Rondônia Plural – Como está a percepção do povo em relação às ameaças de Donald Trump?
Fred Santana: Em geral, o povo venezuelano é patriota e defende a soberania nacional. Por isso, repudia de forma veemente as ameaças de Trump, que são ataques diretos à soberania do povo venezuelano. O povo está mobilizado para defender o país; está se organizando na milícia e nos comitês de defesa da Revolução Bolivariana. Existe um grande apoio ao presidente Nicolás Maduro e à Revolução. Há plena consciência de que o que está em disputa são os bens naturais da Venezuela — bens que a Revolução Bolivariana não negocia, porque pertencem ao povo venezuelano.
Rondônia Plural – Como está a segurança bélica por parte do Estado venezuelano? A Venezuela está preparada para uma invasão terrestre como a que Trump diz que fará?
Fred Santana: O povo venezuelano está convicto de sua capacidade de resistência, e isso faz parte de sua história. As Forças Armadas já enfrentaram diversas ofensivas do imperialismo.

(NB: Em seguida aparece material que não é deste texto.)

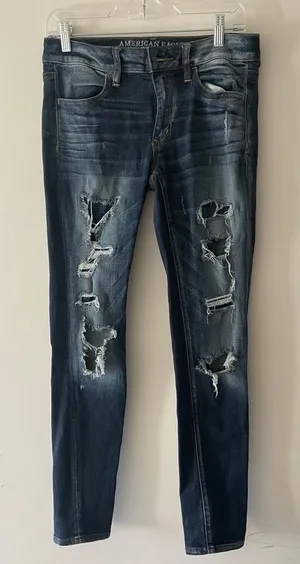 American‎ Eagle Distressed Dark Wash Jeggings thumbnail 1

A Força Armada Nacional Bolivariana vem se estruturando há mais de 20 anos para a defesa nacional. No primeiro governo do comandante Hugo Chávez, houve uma reorganização profunda tanto no plano bélico quanto organizacional, transformando o Exército em uma força verdadeiramente patriótica. Além disso, foi construída a unidade cívico-militar, na qual cada venezuelano e venezuelana é parte da estratégia de defesa da nação. A milícia cumpre um papel fundamental nesse processo. Hoje, a Venezuela conta com 140 mil comitês de defesa da revolução e mais de 1,5 milhão de milicianos alistados, além das forças regulares do Exército.
Rondônia Plural – Como os opositores de Nicolás Maduro acolhem as ameaças de Trump? Existem venezuelanos que defendem o discurso do presidente norte-americano?

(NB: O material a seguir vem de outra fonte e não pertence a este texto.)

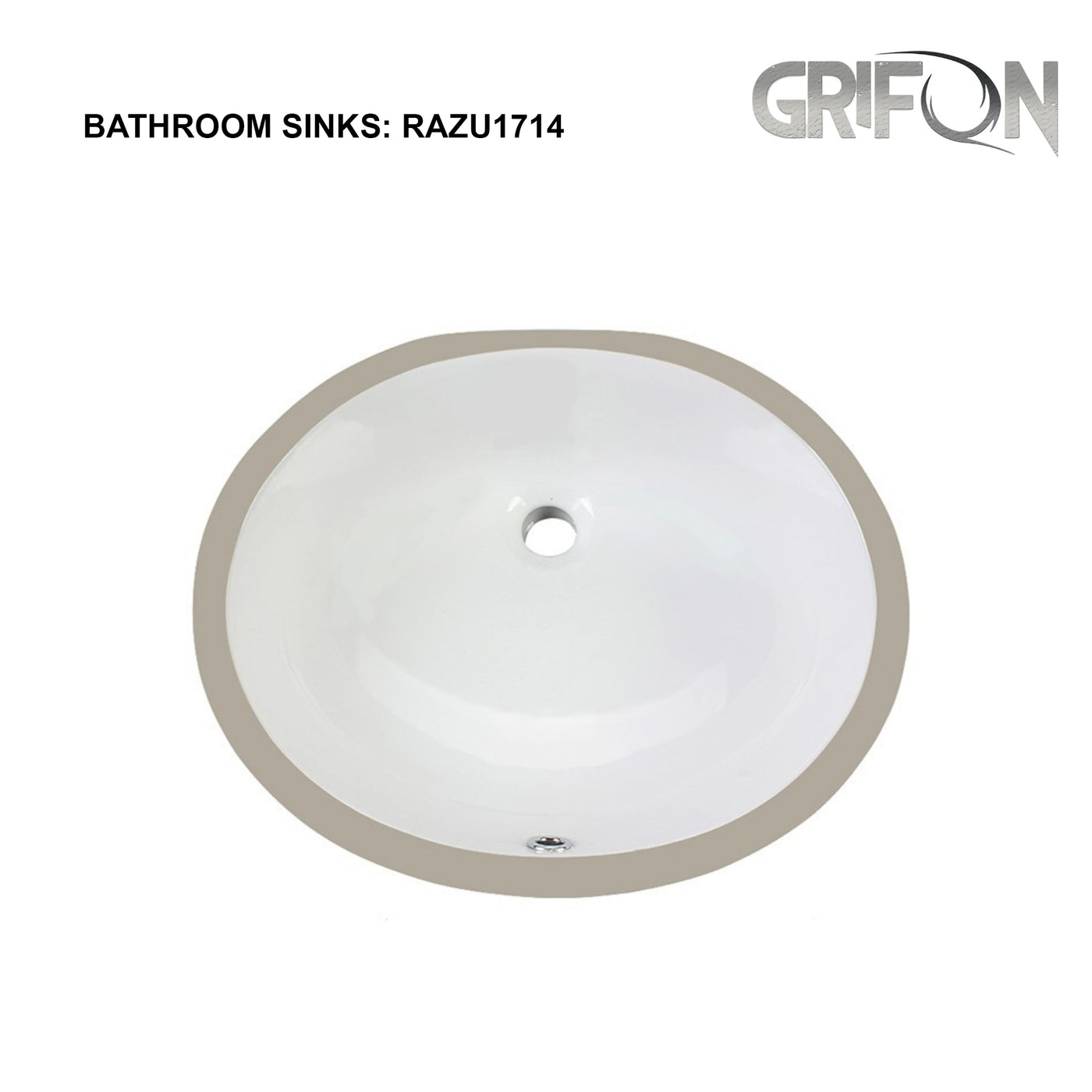 Undermount™ RAZU Round Undermount 19,5-in Ceramic Bathroom Sink in White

Fred Santana: O que vemos internamente é uma defesa da soberania. O povo, mesmo aqueles que já votaram na oposição, não apoia uma intervenção militar dos EUA. Os poucos opositores que defendem a postura imperialista de Trump são supostos líderes que estão fora da Venezuela e que são diretamente subordinados ao imperialismo estadunidense.
Rondônia Plural – Como o povo venezuelano recebeu a entrega do Prêmio Nobel da Paz à María Corina Machado?
Fred Santana: O povo venezuelano reconhece como uma farsa. A soberania nacional não se negocia, e a opositora que supostamente defende a paz, na verdade, é favorável a uma intervenção militar que fere diretamente essa soberania. O povo entende que não existe paz sem soberania. Historicamente, o povo venezuelano lutou — e continua lutando — pela paz e pela defesa de seus direitos. Como expressam as três raízes da Revolução Bolivariana, a liberdade do povo venezuelano é construída por ele próprio.